Reputation: 3402
I need to read lines from a text file but, where the 'end of line' caracter is not always \n or \x or a combination and may be any combination of characters like 'xyz' or '|', but the 'end of line' is always the same and known for each type of file.
As the text file may be a big one and I have to keep performances and memory usage in mind what seems to be the best solution ? Today I use a combinaison of string.read(1000) and split(myendofline) or partition(myendofline) but I would know if a more elegant and standard solution exists.
Upvotes: 1
Views: 751
Reputation: 13416
Obviously simplest would be to just read the whole thing and then call .split('|')
.
However if that's undesirable because it requires you to read the whole thing into memory you might read in arbitrary chunks and perform the split on them. You could write a class that grabs another arbitrary chunk when the current one runs out, and the rest of your application doesn't need to know about it.
Here's the input, zen.txt
The Zen of Python, by Tim Peters||Beautiful is better than ugly.|Explicit is better than implicit.|Simple is better than complex.|Complex is better than complicated.|Flat is better than nested.|Sparse is better than dense.|Readability counts.|Special cases aren't special enough to break the rules.|Although practicality beats purity.|Errors should never pass silently.|Unless explicitly silenced.|In the face of ambiguity, refuse the temptation to guess.|There should be one-- and preferably only one --obvious way to do it.|Although that way may not be obvious at first unless you're Dutch.|Now is better than never.|Although never is often better than *right* now.|If the implementation is hard to explain, it's a bad idea.|If the implementation is easy to explain, it may be a good idea.|Namespaces are one honking great idea -- let's do more of those!

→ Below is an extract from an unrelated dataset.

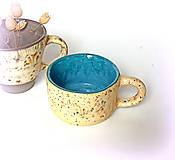 Nádoby - šáločka na espresso - 16929745_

Here's my little test case, that works for me. It doesn't handle a whole bunch corner cases, nor is it particularly pretty, but it should get you started.
class SpecialDelimiters(object):
def __init__(self, filehandle, terminator, chunksize=10):
self.file = filehandle
self.terminator = terminator
self.chunksize = chunksize
self.chunk = ''
self.lines = []
self.done = False
def __iter__(self):
return self
def next(self):
if self.done:
raise StopIteration
try:
return self.lines.pop(0)
except IndexError:
#The lines list is empty, so let's read some more!
while True:
#Looping so even if our chunksize is smaller than one line we get at least one chunk
newchunk = self.file.read(self.chunksize)
self.chunk += newchunk
rawlines = self.chunk.split(self.terminator)
if len(rawlines) > 1 or not newchunk:
#we want to keep going until we have at least one block
#or reached the end of the file
break
self.lines.extend(rawlines[:-1])
self.chunk = rawlines[-1]
try:
return self.lines.pop(0)
except IndexError:
#The end of the road, return last remaining stuff
self.done = True
return self.chunk
zenfh = open('zen.txt', 'rb')
zenBreaker = SpecialDelimiters(zenfh, '|')
for line in zenBreaker:
print line
Upvotes: 2
Reputation: 27585
Here's a generator function thats acts as an iterator on a file, cuting the lines according exotic newline being identical in all the file.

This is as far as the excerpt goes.